# INTERNATIONAL JOURNAL FOR RESEARCH

IN APPLIED SCIENCE & ENGINEERING TECHNOLOGY

Volume: 12 Issue: IV Month of publication: April 2024

DOI: https://doi.org/10.22214/ijraset.2024.59866

www.ijraset.com

Call: © 08813907089 E-mail ID: ijraset@gmail.com



Volume 12 Issue IV Apr 2024- Available at www.ijraset.com

### High Performance M-Term Karatsuba-Like Multiplier for Finite Field Arithmetic

M. Devendra Sai<sup>1</sup>, M. Swathi<sup>2</sup>, M. Priyanka<sup>3</sup>, Mrs. S. Karuna<sup>4</sup>

<sup>1, 2, 3</sup> Student, <sup>4</sup>Assistant Professor, Department of Electronics and Communication Engineering, Seshadri Rao Gudlavalleru Engineering College, Gudlavalleru, Krishna Dt., Andhra Pradesh

Abstract: Finite field multiplication plays a crucial role in cryptographic circuits due to its widespread application. However, building circuits for these multiplications poses significant challenges due to their complexity. To mitigate this, the Karatsuba algorithm is employed, dividing each number into n/2 bits to reduce space complexity. While this approach reduces space complexity, it also increases time complexity. In our research, we introduce a hybrid approach, implementing a Karatsuba-like multiplier that combines elements of both Karatsuba and SBM (school book multiplication) techniques. Here in the proposed design, we replace the Array multiplier with a Wallace tree multiplier to further enhance design performance.

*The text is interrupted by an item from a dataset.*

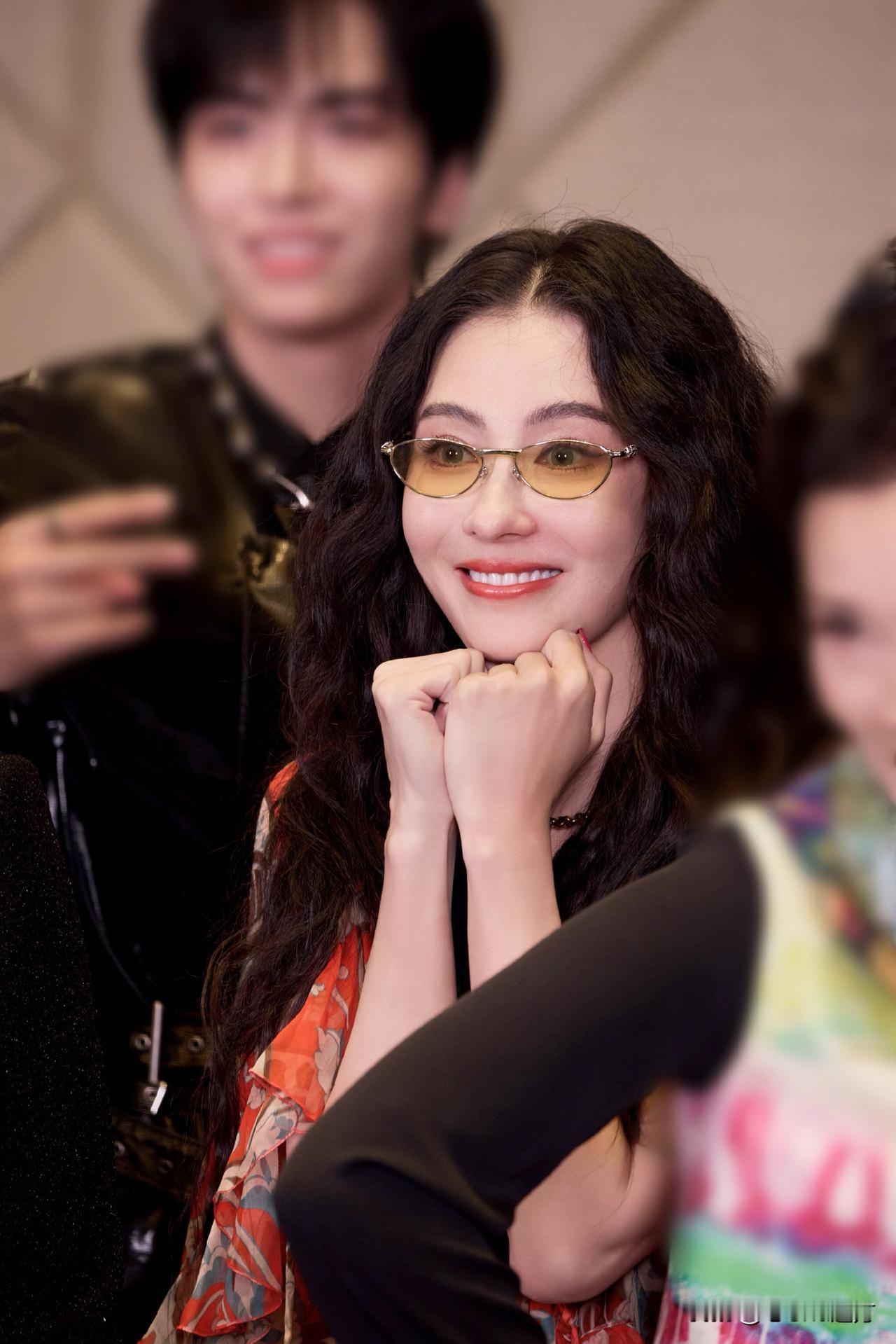 张柏芝身穿Etro 2026春夏系列超季礼服出席一路繁花2发布会，港风波浪卷配超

This combination effectively reduces both time and space complexity. Our findings, based on reported device utilization and latency, demonstrate that the proposed multiplier outperforms the standard Karatsuba multiplier in terms of speed and efficiency, particularly in the area-delay product metric.

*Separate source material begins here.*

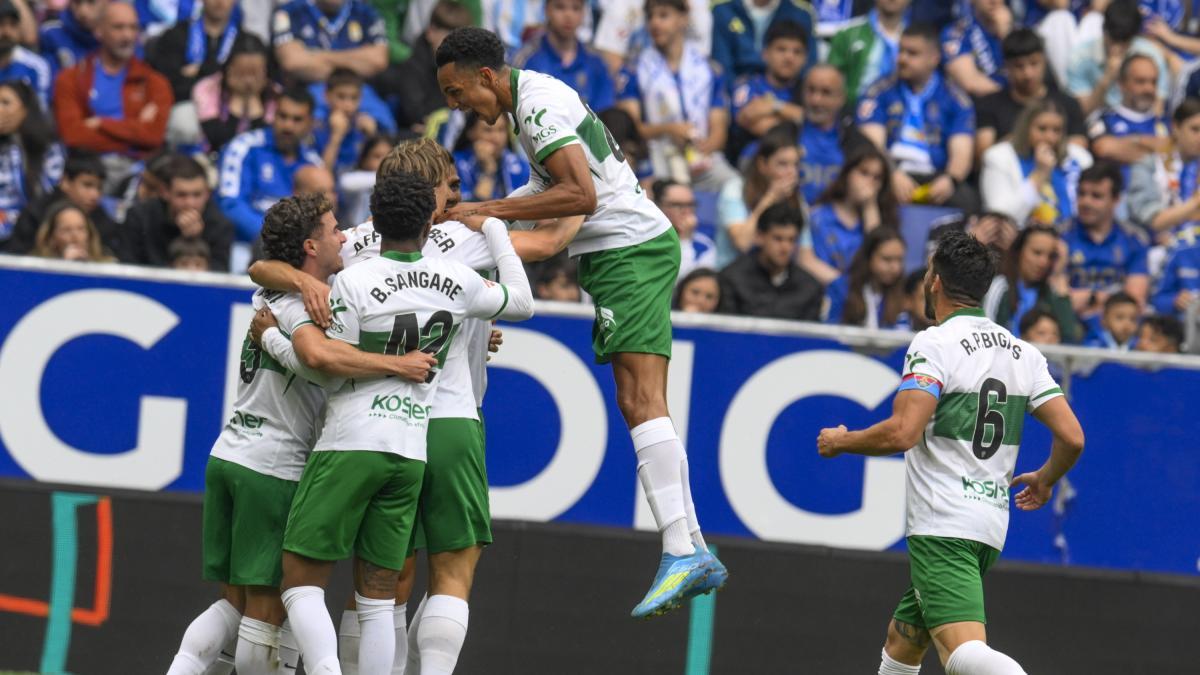 El Elche, con cuatro bajas, peleará por la salvación ante el Alavés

Keywords: Binary polynomial multiplier, field-programmable gate array (FPGA), finite field multiplication, Wallace tree multiplier, M-term Karatsuba-like.

#### I. INTRODUCTION

The continuous proliferation of modern information technologies across various sectors has led to a rise in the number of threats and the significance of information security. Cryptography systems are instrumental in ensuring the protection and security of information. Within these systems, finite field multiplication stands out as a crucial and frequently used operation that influences the overall speed and cost of systems. Therefore, the efficiency of the multiplier holds paramount importance. Among the range of polynomial multiplication algorithms, the school-book multiplication (SBM) emerges as the most elementary form of multiplication. The complexity of SBM for two polynomials of n-1 degree is O(n2).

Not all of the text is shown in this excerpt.